Summary
This 8-K filing from The Chase Manhattan Corporation, filed on September 17, 2000, announces a significant event: the Agreement and Plan of Merger between The Chase Manhattan Corporation and J.P. Morgan & Co. Incorporated. This merger, slated to become effective with Chase as the surviving entity, will result in the combined company being renamed J.P. Morgan Chase & Co. The transaction is structured as a reorganization for tax purposes and will be accounted for using the pooling of interests method. This union represents a major consolidation within the financial services industry, combining two prominent institutions. Key details for investors include the exchange ratio for common stock, where each share of J.P. Morgan common stock will be converted into 3.7 shares of Chase common stock. Preferred stock of J.P. Morgan will be converted into Chase preferred stock with equivalent rights. The merger is subject to customary conditions, including stockholder and regulatory approvals. Additionally, reciprocal stock option agreements are in place, designed to protect the deal under certain circumstances, with specific purchase prices per share for each company's stock. Investors should note the inclusion of forward-looking statements within the accompanying press release, highlighting potential risks and uncertainties associated with the integration and realization of expected synergies.
Key Highlights
- 1Announcement of a definitive Agreement and Plan of Merger between The Chase Manhattan Corporation and J.P. Morgan & Co. Incorporated.

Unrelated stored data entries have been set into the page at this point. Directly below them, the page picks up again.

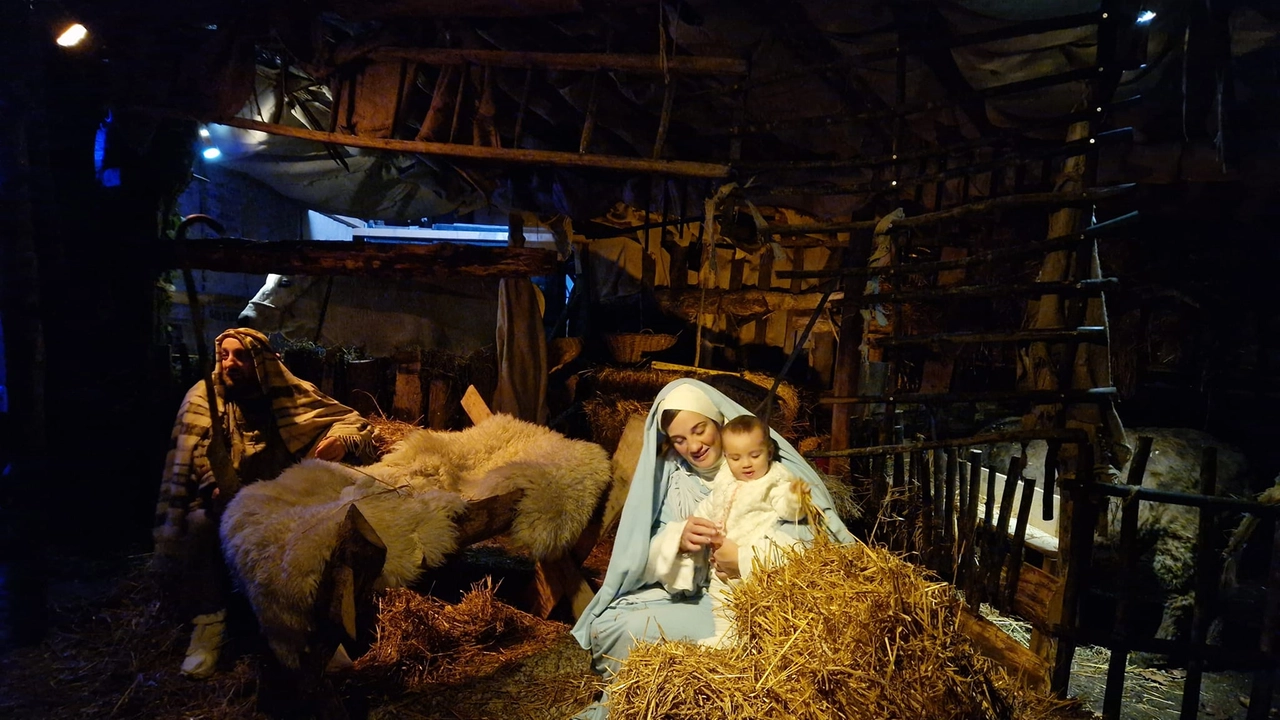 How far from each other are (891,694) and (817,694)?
0.22 meters

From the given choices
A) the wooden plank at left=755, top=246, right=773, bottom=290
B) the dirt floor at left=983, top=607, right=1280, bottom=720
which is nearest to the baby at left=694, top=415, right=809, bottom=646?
the dirt floor at left=983, top=607, right=1280, bottom=720

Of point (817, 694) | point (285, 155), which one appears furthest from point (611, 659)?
point (285, 155)

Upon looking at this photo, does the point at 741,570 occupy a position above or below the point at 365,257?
below

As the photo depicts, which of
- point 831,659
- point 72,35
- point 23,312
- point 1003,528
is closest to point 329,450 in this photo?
point 23,312

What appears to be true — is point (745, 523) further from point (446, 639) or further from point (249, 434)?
point (249, 434)

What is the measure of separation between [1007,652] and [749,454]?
192cm

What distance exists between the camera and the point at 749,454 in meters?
2.47

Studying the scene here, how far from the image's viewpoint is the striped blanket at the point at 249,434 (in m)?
3.46

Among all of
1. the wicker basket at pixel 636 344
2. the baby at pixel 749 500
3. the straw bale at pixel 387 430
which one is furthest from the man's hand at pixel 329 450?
the wicker basket at pixel 636 344

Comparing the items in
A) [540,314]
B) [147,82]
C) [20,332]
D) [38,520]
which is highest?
[147,82]

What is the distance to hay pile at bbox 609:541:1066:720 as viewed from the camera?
183 cm

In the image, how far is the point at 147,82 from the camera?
14.5 ft

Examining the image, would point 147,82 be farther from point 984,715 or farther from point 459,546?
point 984,715

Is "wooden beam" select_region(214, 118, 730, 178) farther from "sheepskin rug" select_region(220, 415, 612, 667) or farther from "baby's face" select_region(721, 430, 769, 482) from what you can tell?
"baby's face" select_region(721, 430, 769, 482) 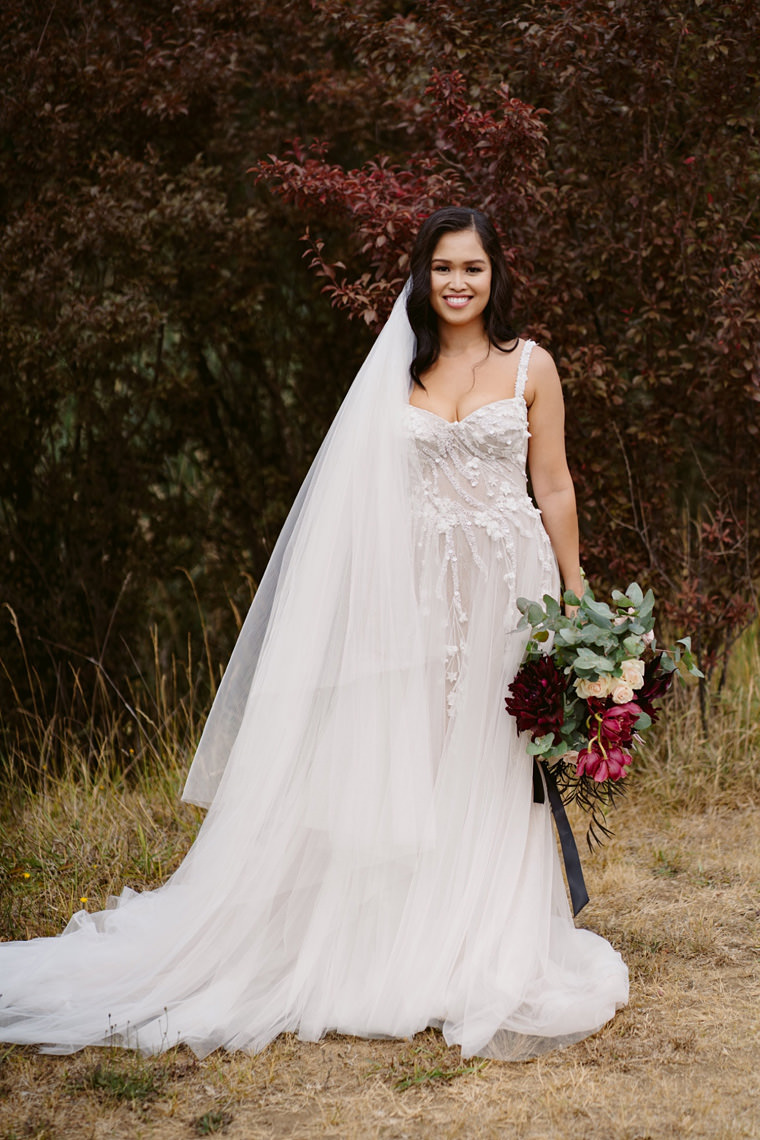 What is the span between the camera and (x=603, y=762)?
3.14 metres

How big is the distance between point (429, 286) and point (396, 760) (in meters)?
1.46

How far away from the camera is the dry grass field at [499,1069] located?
2699 millimetres

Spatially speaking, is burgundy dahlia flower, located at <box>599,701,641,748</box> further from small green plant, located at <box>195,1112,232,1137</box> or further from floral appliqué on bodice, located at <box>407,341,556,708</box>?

- 2The surviving entity will be The Chase Manhattan Corporation, which will subsequently change its name to J.P. Morgan Chase & Co.
- 3Each outstanding share of J.P. Morgan common stock will be exchanged for 3.7 shares of Chase common stock.
- 4The merger is intended to be treated as a tax-free reorganization and accounted for using the pooling of interests method.
- 5Both common stockholder and regulatory approvals are required for the consummation of the merger.
- 6Reciprocal stock option agreements have been entered into, allowing each company to purchase a limited percentage of the other's stock under specific conditions.
- 7The filing includes a joint press release containing forward-looking statements about potential risks and uncertainties related to the merger.